Regular readers will know that I am being ably assisted by a group of lovely ladies who are writing about their experiences of the period 1946-1969. This month’s topic is schooling and as I can’t expect them to do something that I wouldn’t do myself, I have been waxing lyrical about ‘the best days of my life’. This has been made easier by membership of Facebook groups for my cohorts at both primary and secondary school. One of my lasting primary school memories was of being chosen to read part of the commentary for a film that we were making about our school and its surroundings. My portion was about the local lollipop man and the resulting 35mm film was being sent to a school in New Zealand. Wouldn’t it be great, I thought, to trace the film fifty one years later. None of my contemporaries recalled this at all and I began to think I had imagined it. In any case New Zealand has many school and I had no idea which one.
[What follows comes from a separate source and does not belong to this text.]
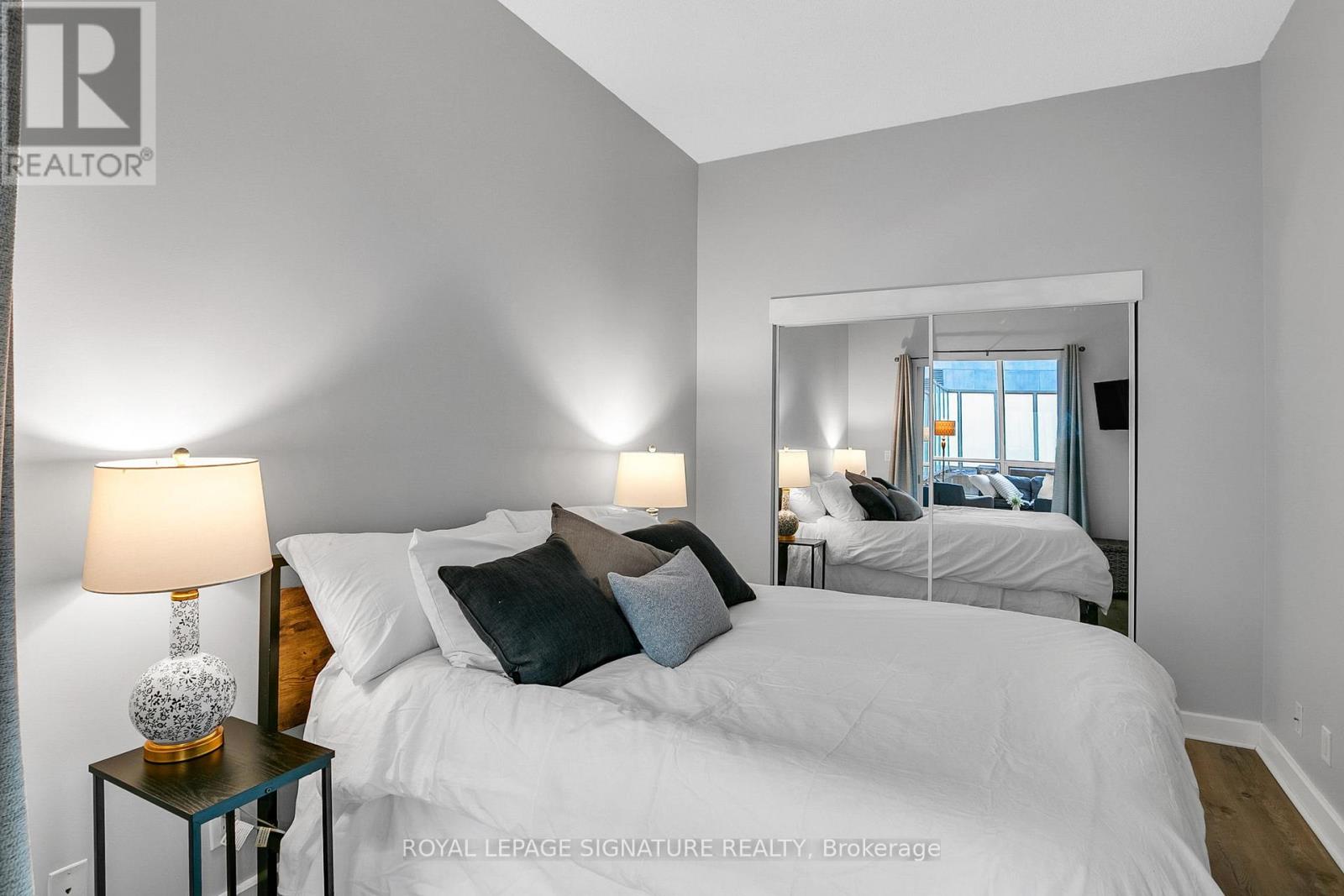 G25 - 350 WELLINGTON STREET W, Toronto (Waterfront Communities), Ontario, M5V3W9 — Photo 11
Then, as part of my writing, I raided the souvenirs’ box. Something that I had retained was a letter to parents from the headmaster, written three years after the film was made. Amongst other things, it referred to Mr Head who had taught at my school for a year in 1961 before returning to New Zealand. Now I at least had a teacher’s name. It also mentioned that Mr Head was then in the Pacific Island of Niue. Googling ‘Mr Head teacher New Zealand’ and the like is not awfully successful as up come all the head teachers in the world, or at least in New Zealand. Niue however is a different matter and it turned out that Mr Head was not only a teacher but an active campaigner against landmines and had been awarded for his work. Wikipedia even provided me with a list of schools at which he’d served, of which there were a great many. Unfortunately no dates were mentioned and I needed to know where he was in 1963. None of the schools’ websites had a ‘past staff’ section or indeed any kind of ‘history of the school’ page. I was close but not close enough.
By this time I had identified some of Mr Head’s descendants on Facebook but I was unable to send them a message as they weren’t my friends. Next I sent out a plea to family historian friends in New Zealand. Amongst other information, one was able to use the New Zealand equivalent of ‘Friends Reunited’ and find that a profile had been created for the late Mr Head. This time I was able to identify the appropriate school. It just shows where the right contacts and a little detective work can get you. I would like to be able to say that a copy of the film is now on its way to me but things aren’t that good. I have used the school’s website to send a message asking if they have a reel of 35mm film lurking in the back of a cupboard. No response so far but maybe it will depend on whether on not the person who sees the message is history minded. Watch this space.
And on the subject of school I am now off to a school reunion. I am going via a talk about seventeenth century witchcraft (best not to enquire) at The Society of Genealogist. More of this later.